2. The device of claim 1, wherein an average spatial separation between the small molecules ranges from about 65 Angstrom to about 100 Angstrom.

3. The device of claim 1, wherein the proteins comprise at least one of carbohydrate binding proteins and lipid binding proteins.

4. The device of claim 1, wherein the proteins are fluorescence labeled or can be detected by a secondary labeled protein.

5. The device of claim 1, wherein each of the at least one reactive group has at least about 10−18 mole of carbohydrate.

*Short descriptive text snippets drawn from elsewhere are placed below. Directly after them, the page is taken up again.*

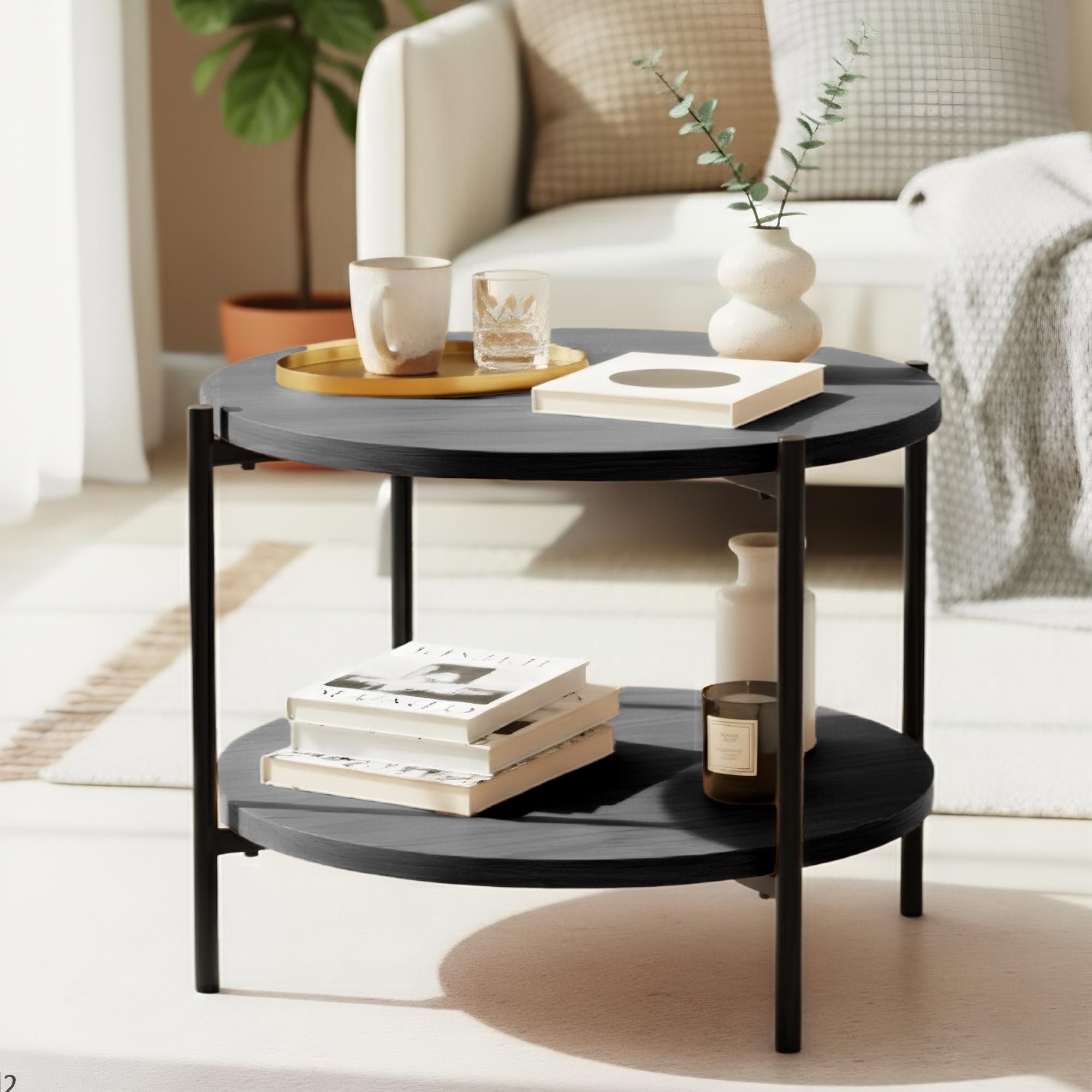 Table basse Edduma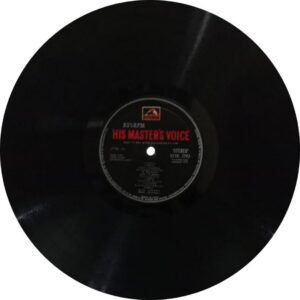 Chris Perry - Concanim Hits - ECSD 2703 - HMV Black Label - CR - Concani Lp Vinyl Record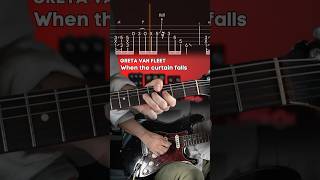 When the curtain falls Guitar Tutorial (by Giulio Morra for PlanetGuitar.it)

6. The device of claim 1, wherein carbohydrates with reactive groups are immobilized on the surface of the device wherein the arrays comprise about 2 to 50 subarrays wherein each subarray contains one or more carbohydrates.

7. A kit comprising:

a carbohydrate microarray comprising carbohydrate deposited on a solid substrate, each carbohydrate comprising a reactive group of at least one of carbohydrate and glycolipid, wherein the carbohydrates are configured to react with and bind to at least one protein; wherein the reactive groups are disposed relative to each other to allow the at least one protein to multivalently bond with the reactive groups;

a microarray reader; and

instructions for use.

8. The kit of claim 7, wherein the carbohydrates of the microarray are deposited at least about 10−18 mole of carbohydrate molecule per spot.

9. The kit of claim 7, wherein the carbohydrates include at least one glycan.

10. The kit of claim 7, wherein the carbohydrates include at least one glycolipid.